The Window on the second floor

Katia slammed the door behind her and pressed the full weight of her body up against it. Her eyes darted frantically around the room. Through the dusty gloom there were shadows of cloth covered furniture, a single window half obscured by a tattered shade. She tried to catch her breath, her heart thumping a ragged staccato in her chest. From the other side of the door she heard it. That terrible gurgling hiss, the whispers of children. She shut her eyes tight and pressed her lips together as if trying to wake herself from a nightmare. She never should have come here. 

Suddenly the house grew silent. What little warmth had been in the room vanished. Katia slowly pressed her ear to the door, her hands trembling beside her in the darkness. The chipped paint flaked and crumbled with her touch. She strained to listen but heard only the choked rasp of her own breath. Then it came. Like a battering ram, a force struck the door knocking her on her back. She screamed as the door cracked and moaned against its hinges. Wood splintering and flying out in all directions as the thick black fog began to creep through.

Katia scrambled backwards away from the door clawing at the shadows. Her hand grazed something and she grabbed hold, yanking down a filthy sheet over her face, covering her in a thick cloud of dust. With a deafening crash the door burst open. The whispering children began to giggle and squeal. Tearing the sheet off, Katia looked up directly into the cold white eyes floating above her in the oily fog. They flickered like flames and narrowed with a paralyzing malice as they considered her there on the floor.

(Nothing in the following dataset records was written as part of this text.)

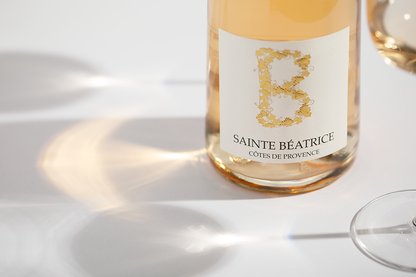 Close up label on a bottle of Sainte Beatrice Cotes de Provence Rosé on a white table with shadows of the bottle and 2 wine glasses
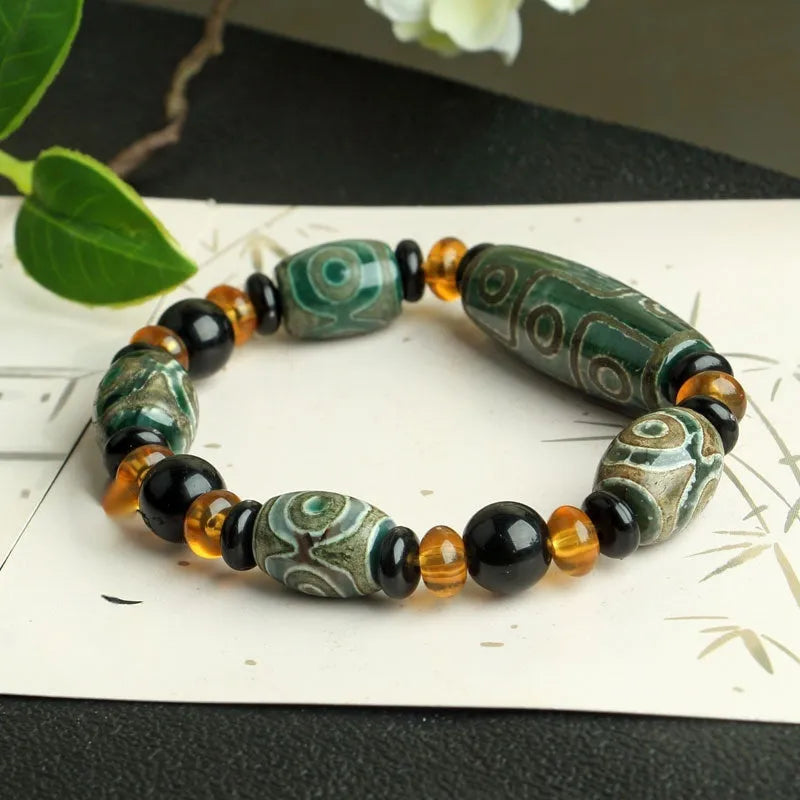 Distressed agate Tibet beads bracelet with three eye dzi design and polished stone beads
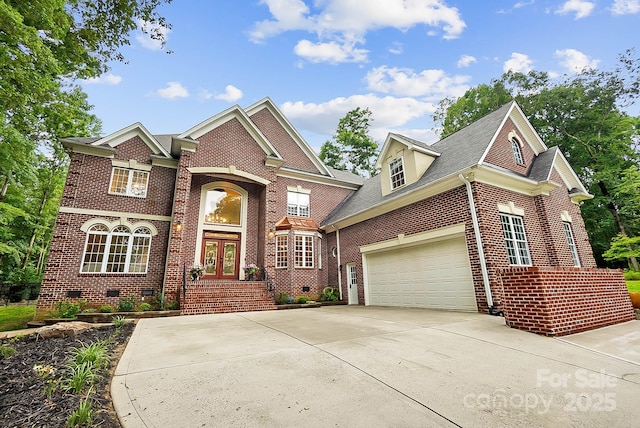 3324 Greenhurst Dr, Weddington, NC 28104 - view of front of property featuring french doors, brick siding, an attached garage, and driveway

The fog crept forward. Katia’s screams drown out by the chorus of children’s voices that now filled the room, laughing, laughing, always laughing. Singing. Unable to think, unable to stand Katia kicked and scraped herself backwards until she was huddled against the wall. Still the fog crept. Katia whimpered, tears flowing down her face. Her mind was gone, so her body chose instead. She stood up.

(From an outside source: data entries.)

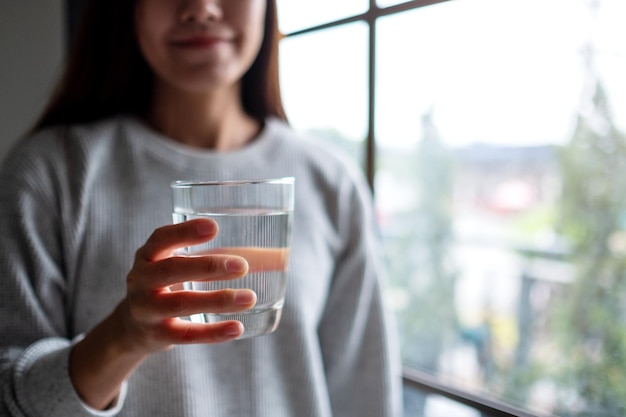 Zbliżenie obraz pięknej młodej azjatyckiej kobiety trzymającej szklankę wody do picia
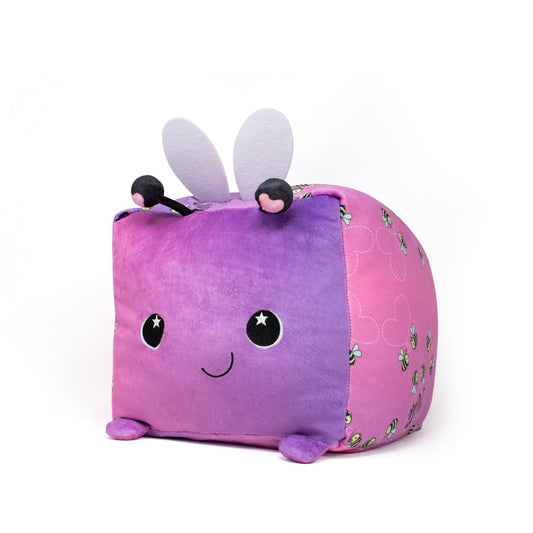 Introducing the Lovebug the Bee Plushie: a charming cube-shaped toy with a purple front, pink sides, a smiling face with starry eyes, and cute antennae. It features white wings, small legs, and bee patterns on its sidesโperfect for Valentine's Day!.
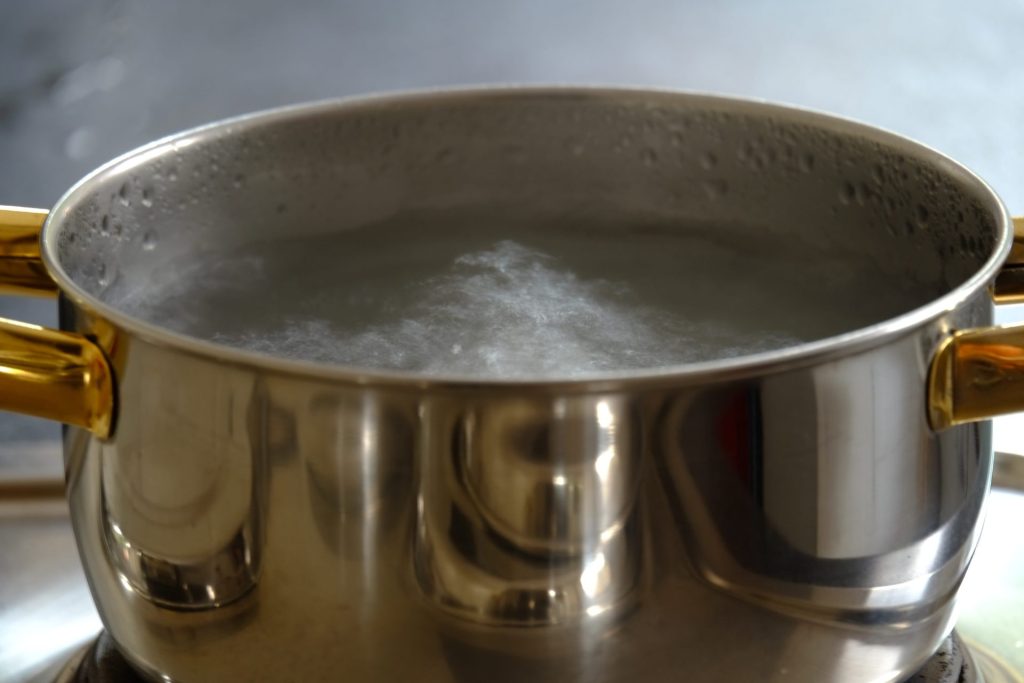 A pot of water boiling on the hob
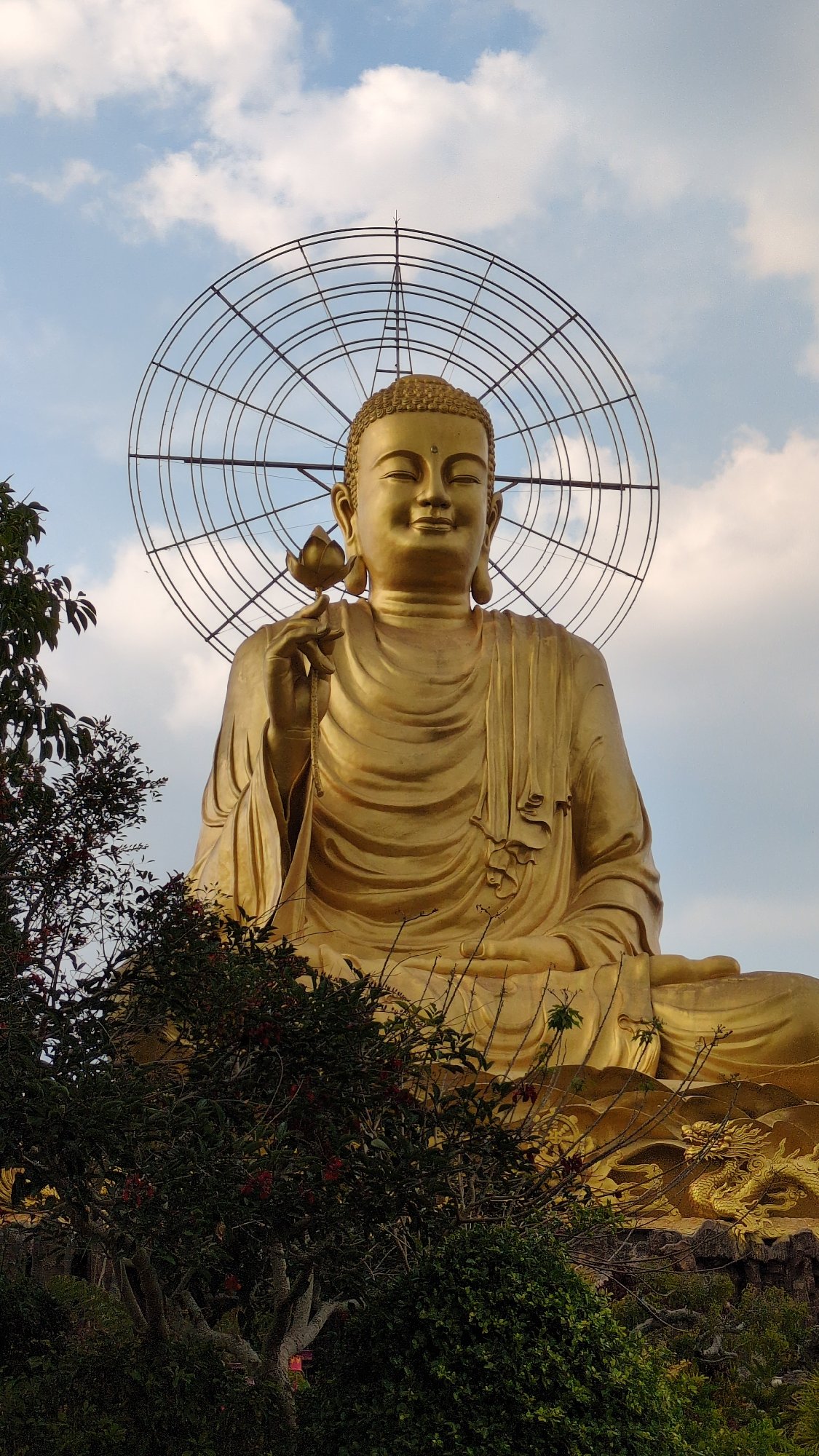 Buddha statue with yellow cloth observed in Đà Lạt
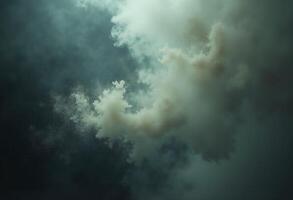 A photo of a cloud with smoke coming out of it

The eyes widened and the children grew quiet. Katia turned her head slowly and looked at the window. Through the warped panes a sliver of the waning moon cast a pathetic pale light over the trees beyond the yard below. In a single movement she spun and hurled herself through the glass and rotten wood. In that instant before her momentum slowed and gravity took her she caught a last glance of the burning white eyes framed in the window behind her. Whatever awaited below was better than what see saw in their gaze.